== Task objective ==
Only the lines below starting at the one containing "Funny Grumpy Old" and ending at the one containing "Kira Stone Blue" belong in the answer, each copied exactly.

== Study material ==
===============

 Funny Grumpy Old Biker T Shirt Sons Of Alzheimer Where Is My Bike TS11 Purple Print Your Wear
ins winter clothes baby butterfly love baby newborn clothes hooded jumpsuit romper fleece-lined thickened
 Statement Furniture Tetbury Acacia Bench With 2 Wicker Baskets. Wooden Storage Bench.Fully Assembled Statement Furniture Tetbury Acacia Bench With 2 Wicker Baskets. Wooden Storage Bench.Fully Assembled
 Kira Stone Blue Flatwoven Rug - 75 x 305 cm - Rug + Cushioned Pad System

===============

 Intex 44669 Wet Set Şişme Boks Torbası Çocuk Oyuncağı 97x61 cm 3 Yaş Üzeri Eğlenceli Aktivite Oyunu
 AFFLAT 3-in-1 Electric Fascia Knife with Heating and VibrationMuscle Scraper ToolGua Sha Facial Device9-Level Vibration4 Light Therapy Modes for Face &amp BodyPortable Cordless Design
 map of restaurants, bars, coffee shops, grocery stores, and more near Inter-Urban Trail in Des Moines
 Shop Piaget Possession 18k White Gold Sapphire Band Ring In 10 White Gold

===============

== Output of the task ==
 Funny Grumpy Old Biker T Shirt Sons Of Alzheimer Where Is My Bike TS11 Purple Print Your Wear
ins winter clothes baby butterfly love baby newborn clothes hooded jumpsuit romper fleece-lined thickened
 Statement Furniture Tetbury Acacia Bench With 2 Wicker Baskets. Wooden Storage Bench.Fully Assembled Statement Furniture Tetbury Acacia Bench With 2 Wicker Baskets. Wooden Storage Bench.Fully Assembled
 Kira Stone Blue Flatwoven Rug - 75 x 305 cm - Rug + Cushioned Pad System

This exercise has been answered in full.